Damit sich die dargestellten Inhalte optimal in das menschliche Sichtfeld einfügen, sind die Ultrawide-Monitore meistens gebogen. Dadurch entsteht zudem eine gesteigerte Immersion, die den Spieler tiefer in das Geschehen ziehen, statt ihn auf Bildschirmränder blicken zu lassen. Der einzige Haken: Zahlreiche Spiele unterstützen das Format noch nicht. Vor dem Kauf solltet ihr also abwägen, ob ihr mit diesem potenziellen Nachteil leben könnt.

Die ideale Auflösung: 1080p, 1440p oder doch 4K?

Im Hinblick auf die Auflösung eures Gaming-Monitors müsst ihr natürlich die Leistung eures Rechners und zukünftige Upgrade-Pläne mit einbeziehen.
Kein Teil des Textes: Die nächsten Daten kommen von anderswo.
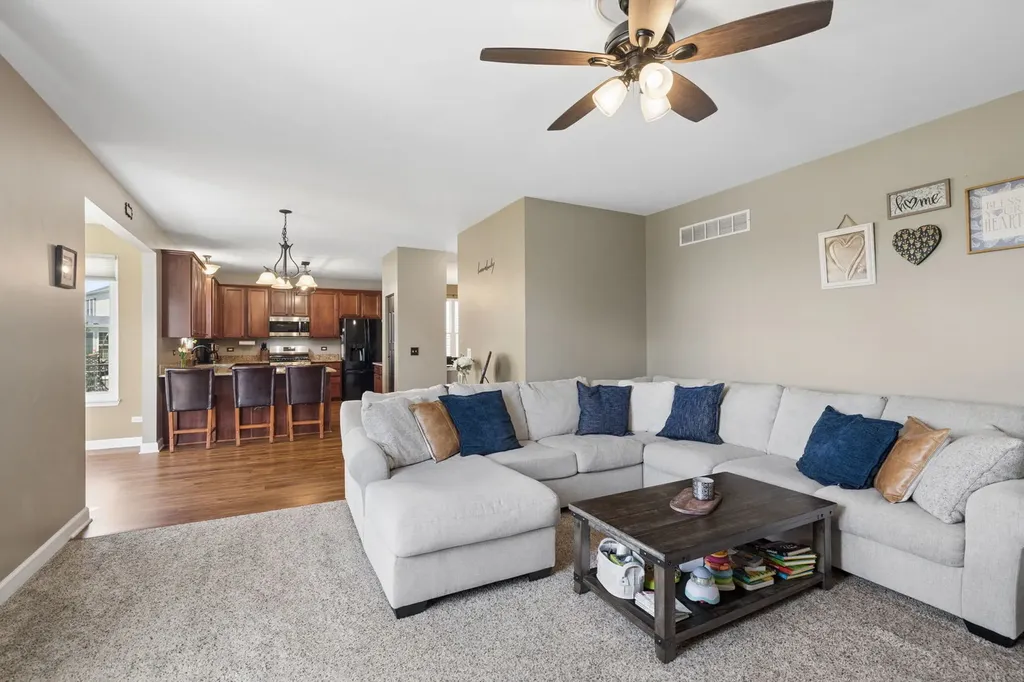 1905 Springside Drive Plainfield IL 60586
Sollte euer PC zu wenig Leistung bringen, damit ihr eure Games in der nativen Bildschirmauflösung zocken könnt, empfiehlt es sich eher, auf einen Monitor mit niedrigerer Auflösung zurückzugreifen.
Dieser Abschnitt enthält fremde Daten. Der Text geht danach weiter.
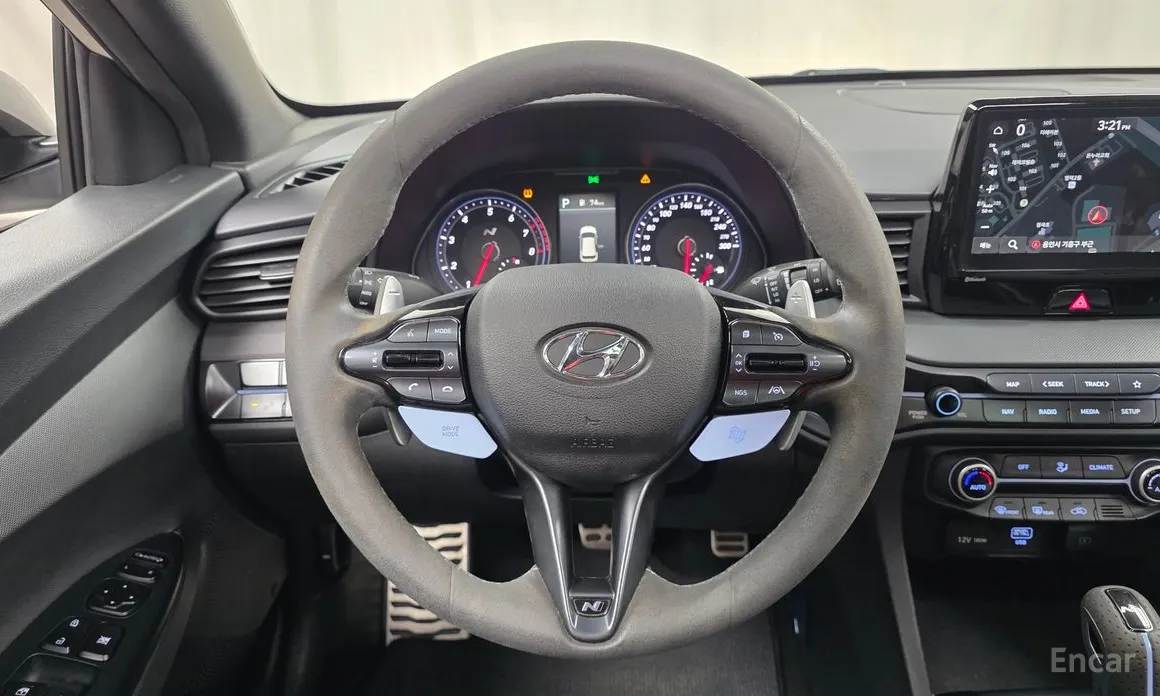 Фото 13 - Hyundai Veloster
Wenn euer Spielerlebnis von einem leicht verwaschenen Bild beinträchtigt wird, kann das am Upscaling von Spielen in Full-HD-Auflösung (1920 x 1080 Pixel) auf 4K (3840 x 2160 Pixel) liegen. Selbiges gilt auch für den umgekehrten Weg. Die beste Lösung ist also die native Auflösung des Monitors zu nutzen.

Was Bildschirme mit einer Auflösung von 1440p (QHD) oder 4K (UHD) angeht, so sind diese nach wie vor wesentlich kostspieliger als die Full-HD-Varianten. Daher ist die Frage nach der Auflösung meistens an euer Budget gekoppelt.
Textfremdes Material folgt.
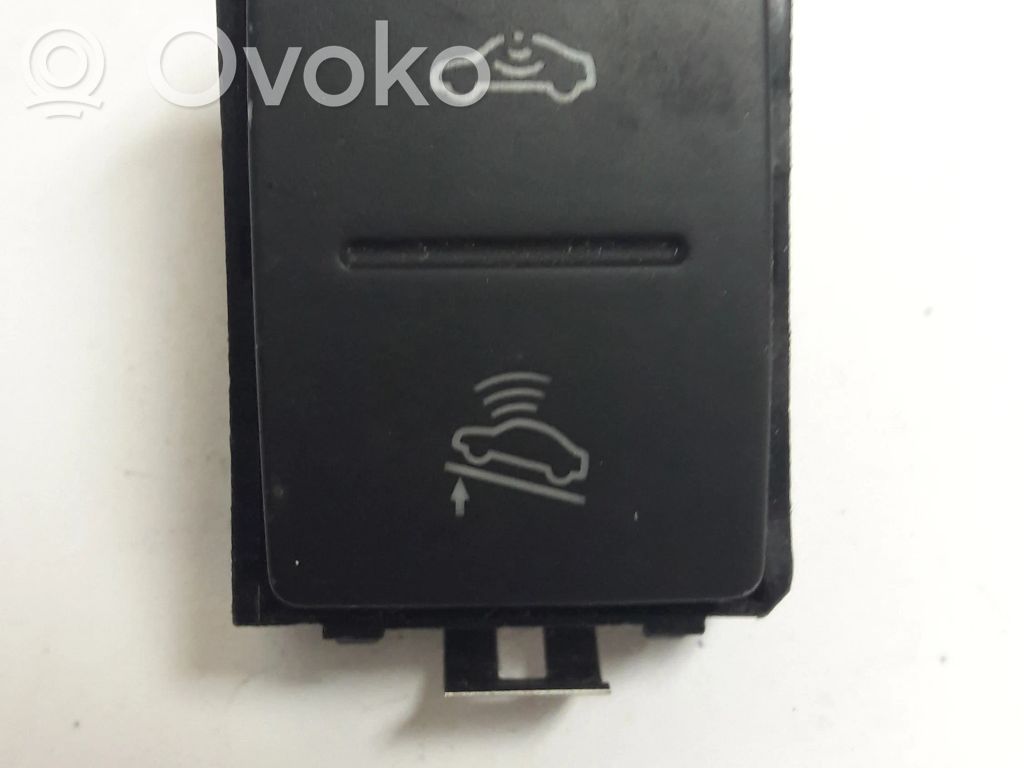 Volkswagen PASSAT B6 Alarm switch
Welcher Monitor eignet sich am besten für euch?

Die Frage nach dem richtigen Monitor kann somit nur individuell und in Anbetracht der jeweiligen Anforderungen beantwortet werden. Nichtsdestotrotz möchten wir euch hier einige Szenarien vorstellen, in denen manche Monitore besser geeignet sind als andere.

Drei Gaming-Szenarien zur Hilfestellung

  • Für Shooter-Fans ist die Bildqualität vielleicht nicht ganz so wichtig wie präzise Eingaben und maximale FPS.In diesem Fall eignet sich ein Monitor mit TN-Panel und entsprechend hoher Bildwiederholrate von 144 Hz oder mehr. Optional verfügt der Monitor über G-Sync oder FreeSync.
  • Wenn es um ansprechende Grafik und visuelle Höchstleistungen geht, dann wäre ein Monitor mit 4K-Auflösung die optimale Wahl. Wollt ihr darüber hinaus bestmöglich in das Spiel eintauchen? So könnt ihr das mit einem Ultrawide-Modell tun. Die Voraussetzung für die erhöhte Pixeldichte ist dann aber eine leistungsstarke Grafikkarte.
  • Wer hingegen lieber zum Controller greift und gemütlich vom Bett oder Sofa aus zockt, der wäre mit einem sogenannten Big Format Gaming Display (BFGD) bestens versorgt. Allerdings benötigt ihr für einen derartigen Bildschirm auch das entsprechende Budget. Eine wesentlich günstigere und nicht zwingend schlechtere Alternative wäre ein angemessener Gaming-Fernseher.